### Problem description
All that is asked is a faithful reproduction of the entries.

↓

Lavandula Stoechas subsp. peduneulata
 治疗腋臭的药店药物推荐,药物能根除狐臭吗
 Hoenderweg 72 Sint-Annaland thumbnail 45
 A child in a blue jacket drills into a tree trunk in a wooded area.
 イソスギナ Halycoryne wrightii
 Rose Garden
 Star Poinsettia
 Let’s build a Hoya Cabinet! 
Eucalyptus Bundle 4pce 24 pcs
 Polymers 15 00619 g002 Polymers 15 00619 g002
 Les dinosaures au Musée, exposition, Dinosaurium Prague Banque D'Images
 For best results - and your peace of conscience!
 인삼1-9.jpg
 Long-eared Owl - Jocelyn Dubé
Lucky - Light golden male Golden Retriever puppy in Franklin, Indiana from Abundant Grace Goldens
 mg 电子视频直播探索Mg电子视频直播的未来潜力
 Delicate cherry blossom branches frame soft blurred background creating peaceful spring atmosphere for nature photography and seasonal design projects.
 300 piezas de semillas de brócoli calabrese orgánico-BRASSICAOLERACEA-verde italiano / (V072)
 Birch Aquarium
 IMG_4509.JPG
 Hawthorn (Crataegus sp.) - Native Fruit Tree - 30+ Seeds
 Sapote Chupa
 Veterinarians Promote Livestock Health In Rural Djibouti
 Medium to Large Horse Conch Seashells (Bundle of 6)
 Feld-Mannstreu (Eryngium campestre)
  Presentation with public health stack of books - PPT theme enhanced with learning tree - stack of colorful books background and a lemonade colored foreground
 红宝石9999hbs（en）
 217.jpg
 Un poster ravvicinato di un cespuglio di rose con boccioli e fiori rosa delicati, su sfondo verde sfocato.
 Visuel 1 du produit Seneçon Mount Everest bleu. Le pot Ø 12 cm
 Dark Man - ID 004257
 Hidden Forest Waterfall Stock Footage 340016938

↑

### Output below
Lavandula Stoechas subsp. peduneulata
 治疗腋臭的药店药物推荐,药物能根除狐臭吗
 Hoenderweg 72 Sint-Annaland thumbnail 45
 A child in a blue jacket drills into a tree trunk in a wooded area.
 イソスギナ Halycoryne wrightii
 Rose Garden
 Star Poinsettia
 Let’s build a Hoya Cabinet! 
Eucalyptus Bundle 4pce 24 pcs
 Polymers 15 00619 g002 Polymers 15 00619 g002
 Les dinosaures au Musée, exposition, Dinosaurium Prague Banque D'Images
 For best results - and your peace of conscience!
 인삼1-9.jpg
 Long-eared Owl - Jocelyn Dubé
Lucky - Light golden male Golden Retriever puppy in Franklin, Indiana from Abundant Grace Goldens
 mg 电子视频直播探索Mg电子视频直播的未来潜力
 Delicate cherry blossom branches frame soft blurred background creating peaceful spring atmosphere for nature photography and seasonal design projects.
 300 piezas de semillas de brócoli calabrese orgánico-BRASSICAOLERACEA-verde italiano / (V072)
 Birch Aquarium
 IMG_4509.JPG
 Hawthorn (Crataegus sp.) - Native Fruit Tree - 30+ Seeds
 Sapote Chupa
 Veterinarians Promote Livestock Health In Rural Djibouti
 Medium to Large Horse Conch Seashells (Bundle of 6)
 Feld-Mannstreu (Eryngium campestre)
  Presentation with public health stack of books - PPT theme enhanced with learning tree - stack of colorful books background and a lemonade colored foreground
 红宝石9999hbs（en）
 217.jpg
 Un poster ravvicinato di un cespuglio di rose con boccioli e fiori rosa delicati, su sfondo verde sfocato.
 Visuel 1 du produit Seneçon Mount Everest bleu. Le pot Ø 12 cm
 Dark Man - ID 004257
 Hidden Forest Waterfall Stock Footage 340016938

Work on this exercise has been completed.